Java regexp - adding parenthesis makes it greedy?

1.3k views Asked by At
public void name() throws Exception {
        Pattern p = Pattern.compile("\\d{1,2}?");
        String input = "09";
        Matcher m = p.matcher(input);
        StringBuffer sb = new StringBuffer();
        while(m.find()) {
            System.out.println("match = "+m.group());
        }
    }

Output of the above method is :

match = 0
match = 9

Now, I am just adding parenthesis to the regexp:

public void name() throws Exception {
        Pattern p = Pattern.compile("(\\d{1,2})?");
        String input = "09";
        Matcher m = p.matcher(input);
        StringBuffer sb = new StringBuffer();
        while(m.find()) {
            System.out.println("match = "+m.group());
        }
    }

And the output becomes:

match = 09
match = 
  1. Why do parenthesis make the matching greedy here?
  2. [Edit,added later]Why is empty string not matched in the first case?
2

There are 2 answers

7
M A On BEST ANSWER

In order for a quantifier (?, *, + or {n,m}) to be reluctant (non-greedy or lazy), it must by followed by a ?. Therefore, the pattern \\d{1,2}? is reluctant.

On the other hand, (\\d{1,2})? is composed of two levels of greedy quantifiers:

  1. a group (\\d{1,2}) containing a pattern with a greedy quantifier {1,2},
  2. followed by the ? greedy quantifier.

Therefore, (\\d{1,2})? is greedy because the ? does not immediately follow a quantifier (there is a parenthesis in between that closes the group), hence it does not act as the metacharacter for a reluctant regex.

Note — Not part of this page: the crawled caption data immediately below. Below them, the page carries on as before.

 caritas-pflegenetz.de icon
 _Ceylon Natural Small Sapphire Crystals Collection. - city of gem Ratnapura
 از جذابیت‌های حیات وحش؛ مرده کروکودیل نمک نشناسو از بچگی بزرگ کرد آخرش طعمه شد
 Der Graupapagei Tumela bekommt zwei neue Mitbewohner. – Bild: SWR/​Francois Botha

See this page about quantifiers as a reference.

0
anubhava On

Let's start with simple quantifier regex:

\d{1,2}

This is greedy by nature and will match as many characters as possible between min (i.e. 1) and max (i.e 2).

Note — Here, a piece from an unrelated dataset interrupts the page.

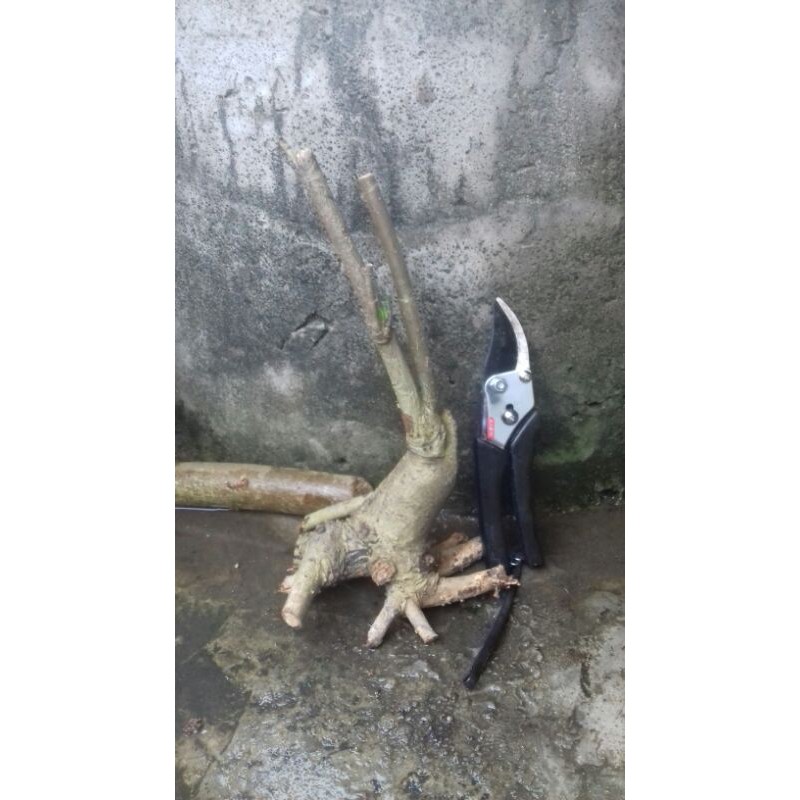 bahan bonsai waru lokal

So for our input 09, it will just match 09.

Now let's make it lazy by using:

\d{1,2}?

This will make it as few times as possible. So for the same input it will match 0 first time and 9 second time (since you're using a while loop).

Now 3rd case of:

(\d{1,2})?

It matches 0 or 1 occurrence of greedy \d{1,2}, that means means match \d{1,2} or match nothing.

So for the same input it will match:

  1. 09 or
  2. empty string

It is because we are making whole group optional by placing ? outside (...)